Your job is to retype the records exactly while dropping every picture.
(EXERCISE MATERIAL begins)
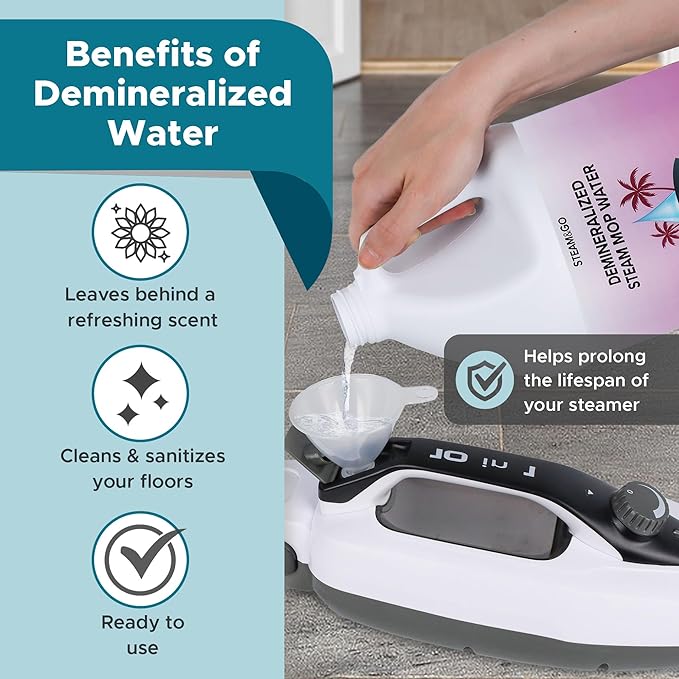 Steam &amp; Go Deminerilized Water - Multi-Surface Cleaner for Steam Cleaners, Hardwood Floors, Kitchens, &amp; Bathrooms - Germ-Killing Formula - Hotel California Scent - 1 Gallon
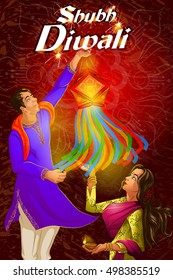 Couple holding hanging kandil lantern lamp for Happy Diwali night celebrating holiday of India. Vector illustration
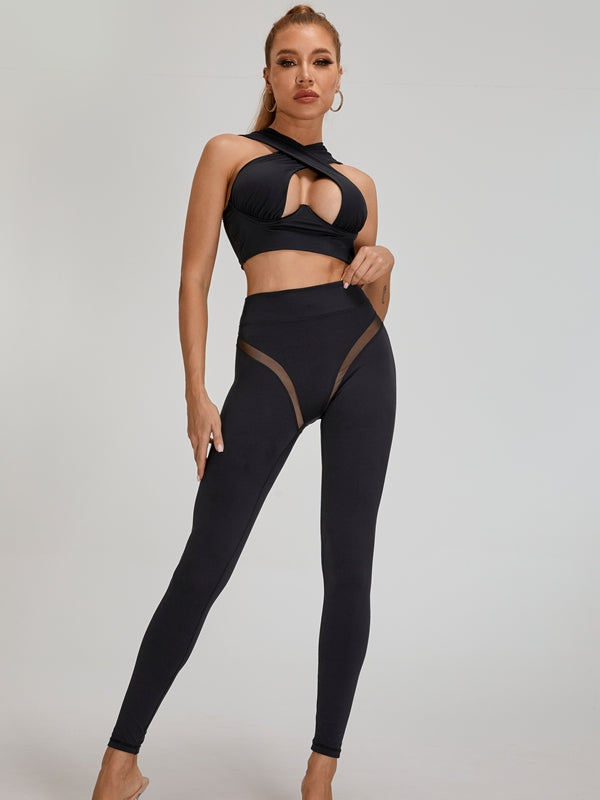 Super Sexy Unique Mesh Hip-lift Cross Tracksuit
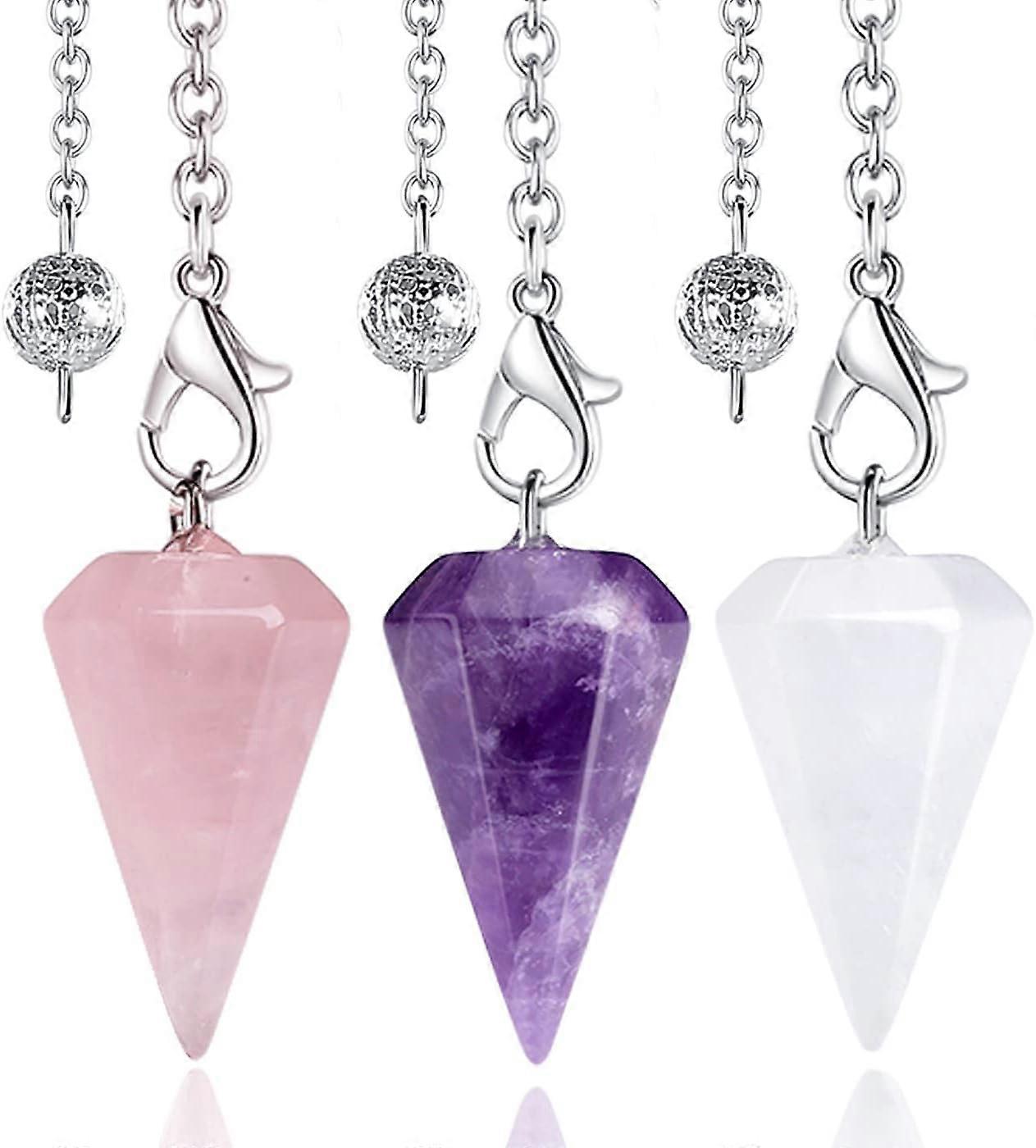 3 Pcs Pendulum Crystal,Amethyst Rose Quartz Clear Quartz Crystal Pendulum for Dowsing Divination Pendulum Gemstone Pendulum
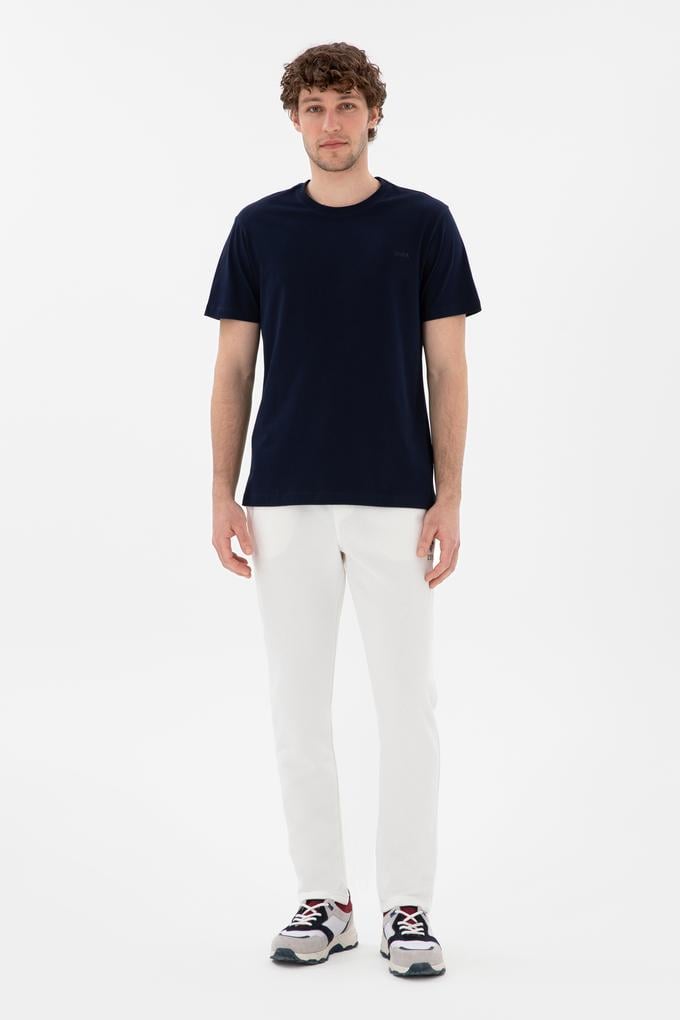 Erkek Slim Fit Düz Paça Ekru Eşofman Altı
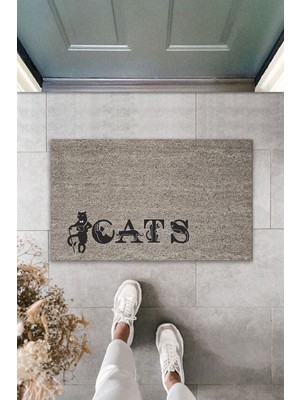 Stok Shop Dijital Baskı Kalitesi  Gri Kedilerle Bezenmiş Cats Yazılı  Dekoratif Kapı  Paspası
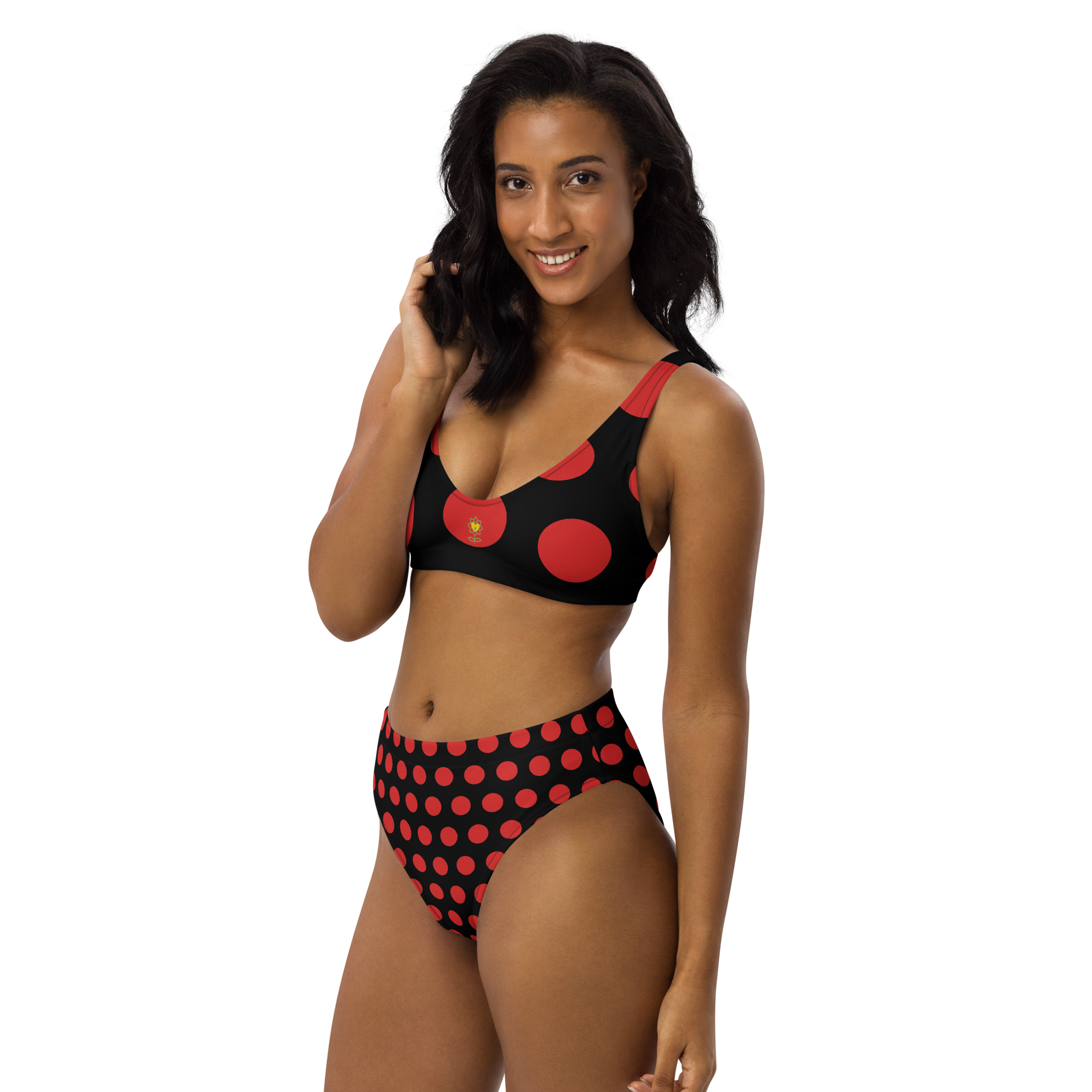 Red dot Black Recycled high-waisted bikini - Alivwood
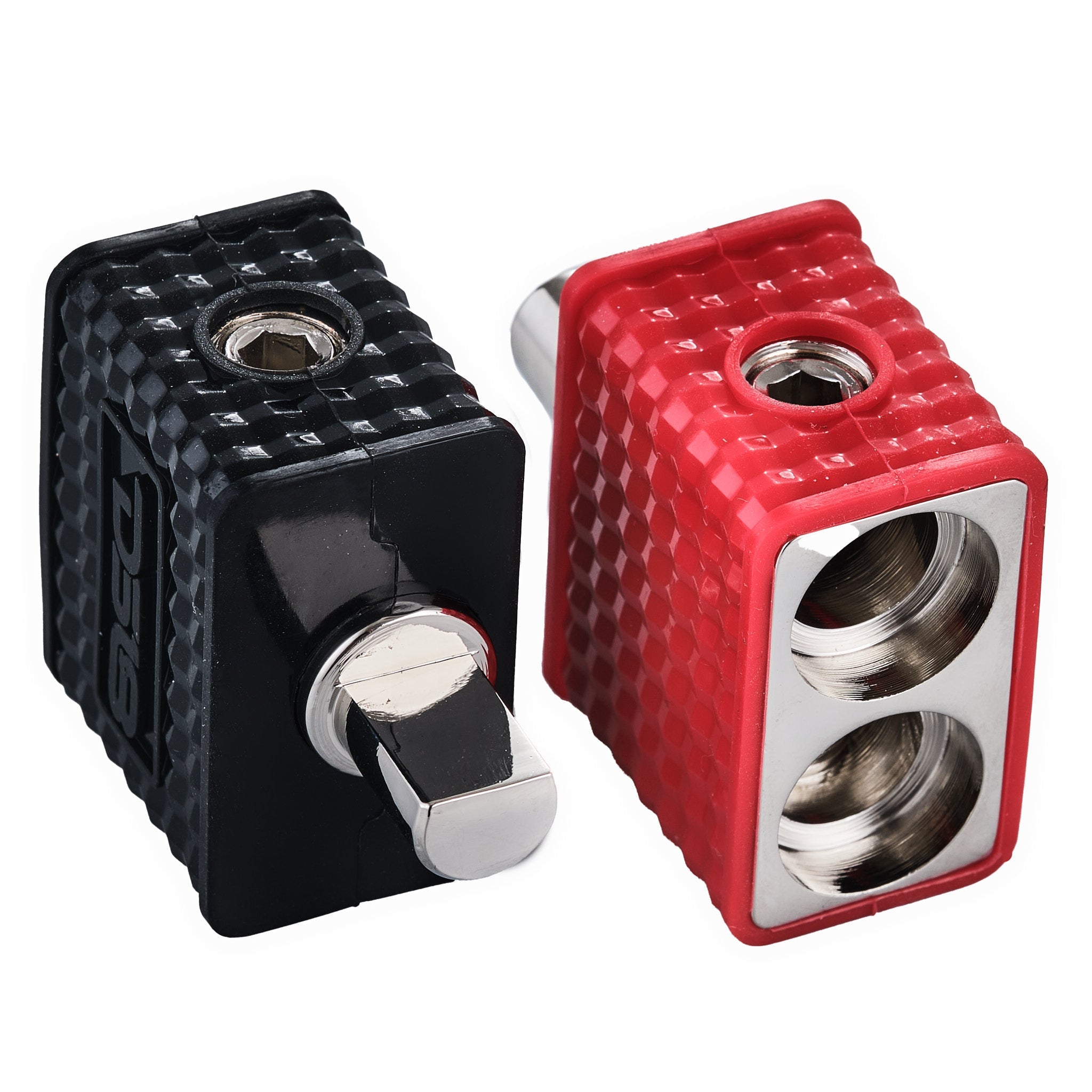 DS18 Dual 1/0-GA to 1/0-GA Amp Input Reducers with Offset Stub and Silicone Cover - BLACK/RED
(EXERCISE MATERIAL ends)
▸ **TASK RESULT**
 Steam &amp; Go Deminerilized Water - Multi-Surface Cleaner for Steam Cleaners, Hardwood Floors, Kitchens, &amp; Bathrooms - Germ-Killing Formula - Hotel California Scent - 1 Gallon
 Couple holding hanging kandil lantern lamp for Happy Diwali night celebrating holiday of India. Vector illustration
 Super Sexy Unique Mesh Hip-lift Cross Tracksuit
 3 Pcs Pendulum Crystal,Amethyst Rose Quartz Clear Quartz Crystal Pendulum for Dowsing Divination Pendulum Gemstone Pendulum
 Erkek Slim Fit Düz Paça Ekru Eşofman Altı
 Stok Shop Dijital Baskı Kalitesi  Gri Kedilerle Bezenmiş Cats Yazılı  Dekoratif Kapı  Paspası
 Red dot Black Recycled high-waisted bikini - Alivwood
 DS18 Dual 1/0-GA to 1/0-GA Amp Input Reducers with Offset Stub and Silicone Cover - BLACK/RED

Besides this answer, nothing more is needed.